When I was just starting out, I used to be so impressed by people who had done numerous attachments before commencing chambering.
I was intimidated by these diehards, who had usually done four-week attachments at various legal firms during their university breaks. All I ever was interested in doing during my breaks were sleeping, eating, going to the cinema and dossing about (in no particular order). I felt that, if I wanted to succeed, I’d surely have to work my ass off to make up for all that lost “working experience.”
As the years passed, I came to realise that time spent as an attachment counted for nought.

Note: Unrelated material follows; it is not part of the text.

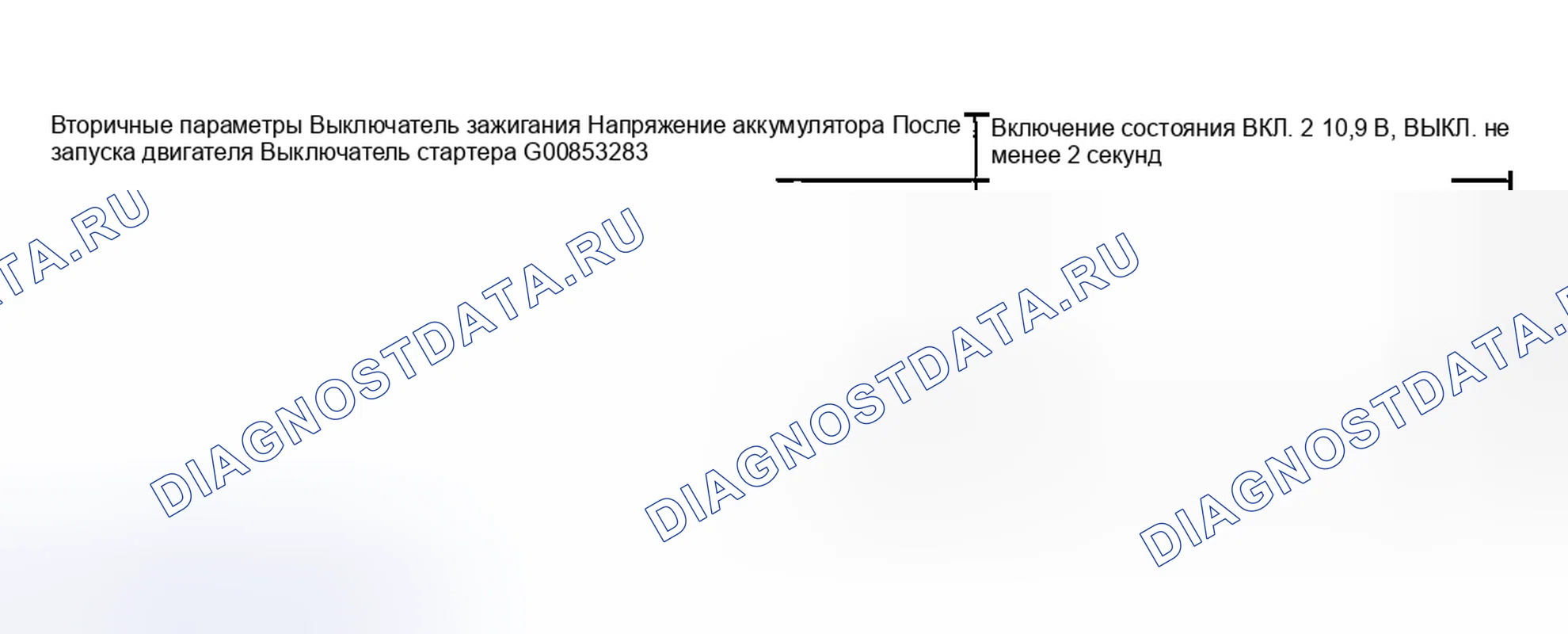 Рис. 1427: УСЛОВИЕ ВКЛЮЧЕНИЯ. Hyundai Creta II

Unless you’re a particularly dedicated person, and are lucky enough to find a good firm or lawyer to be attached to, don’t bother.
You’ll learn more useful career/life lessons at the cineplex.
In my third year of practice, the Firm took in a batch of three attachment pupils, and the partner leading my team was reluctantly assigned one to use for four weeks.
The girl was sent straight to me.
“Hiya, this is my third attachment, but the first in a corporate department, so I’m pretty excited! I’m hoping that by the time I have to apply for chambering, I’d know exactly what I want to do.”
How do you respond to that kind of eagerness?
“I don’t see how punching, stapling, binding and photocopying will help you decide, unless you plan to read through everything you touch.”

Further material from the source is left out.